### Data section
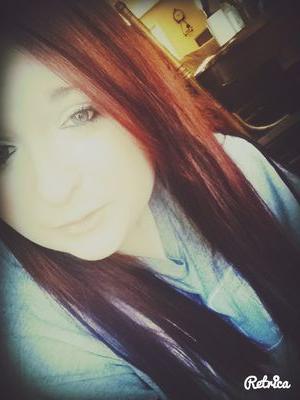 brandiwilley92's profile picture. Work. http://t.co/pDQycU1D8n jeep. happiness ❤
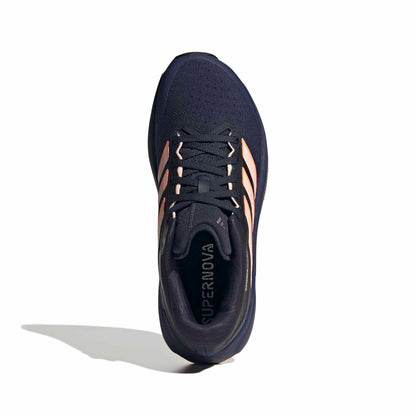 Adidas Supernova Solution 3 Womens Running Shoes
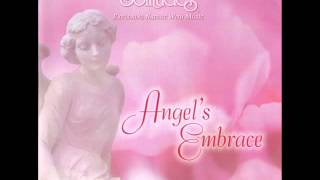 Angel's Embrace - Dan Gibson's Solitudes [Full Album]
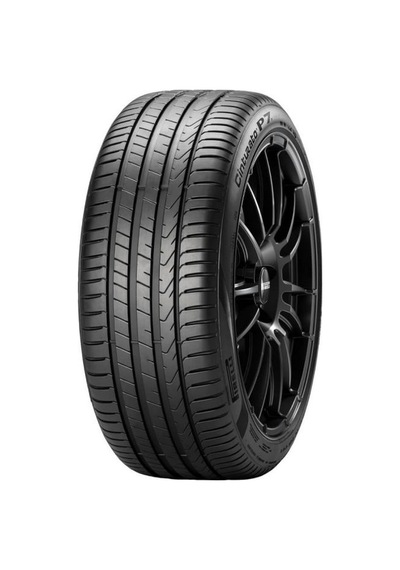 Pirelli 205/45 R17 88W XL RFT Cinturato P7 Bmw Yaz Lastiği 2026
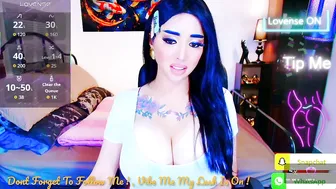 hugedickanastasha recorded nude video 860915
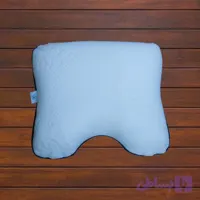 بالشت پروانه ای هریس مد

### What you will do
Print the lines from the line containing "Adidas Supernova Solution" through the last line of the listing, exactly as they stand, and leave any pictures out.

### Solution
 Adidas Supernova Solution 3 Womens Running Shoes
 Angel's Embrace - Dan Gibson's Solitudes [Full Album]
 Pirelli 205/45 R17 88W XL RFT Cinturato P7 Bmw Yaz Lastiği 2026
 hugedickanastasha recorded nude video 860915
 بالشت پروانه ای هریس مد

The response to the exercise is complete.